The developing eye of the cockroach, Periplaneta americana, and the locust, Schistocerca gregaria, was chosen for an experimental investigation of factors involved in the development of nervous tissue and the formation of ordered nerve connections. Grafting experiments between eye colour mutants of P. americana showed that the retina develops postembryonically from a region of head epidermis which differs from other larval head epidermis in being competent to respond to a recruiting signal produced by adjacent eye tissue. Recruited cells divide and segregate into clusters which differentiate into ommatidia. The specific fate of individual cells is probably assigned according to their position within the cluster. Quantitative analysis of cell proliferation and death in the compound eye of S. gregaria under normal and experimental conditions showed that the retina develops normally in the absence of the optic lobe.
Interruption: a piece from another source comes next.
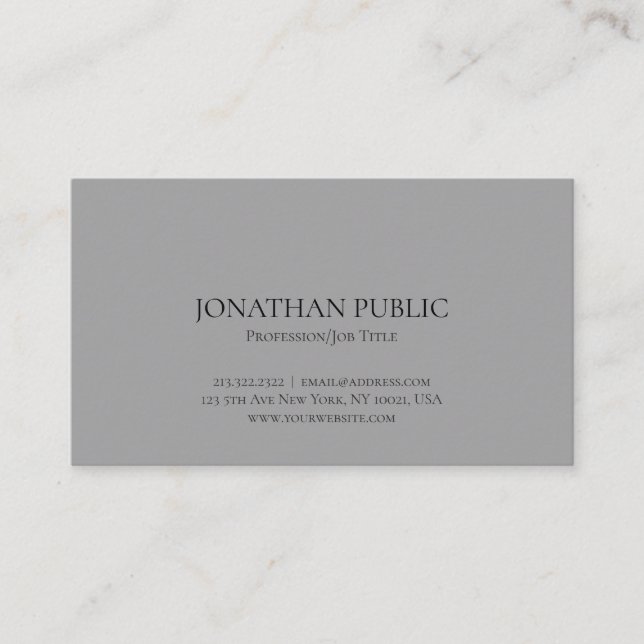 Modern Professional Elegant Grey Minimalist Plain Business Card (Front)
In the absence of innervation from the retina, lamina ganglion cells are generated normally but do not differentiate and subsequently degenerate. Experiments on S. gregaria in which spatial or temporal relationships between retina and lamina were altered, showed that axons tend to grow along the paths of immediately adjacent axons, with no indication of specificity for their normal target sites. The following model was proposed for the development of the retina-lamina projection. Formation of the retina by recruitment of epidermis ensures that sensory axons develop in an orderly spatiotemporal sequence. Newly-formed axons grow along preceeding ones and, in turn, provide a conducting tract for suceeding axons, so that the orderly pattern of axon outgrowth is maintained in the pattern of axon arrival in the lamina. As both retina and lamina grow anteriorly, new axons arrive among new lamina cells. Lamina cells innervated by retinal axons differentiate into discrete synaptic units; excess, uninnervated cells degenerate. The relevance of the model to the initial formation of the projection, and to the formation of other nerve connections in insects, was discussed.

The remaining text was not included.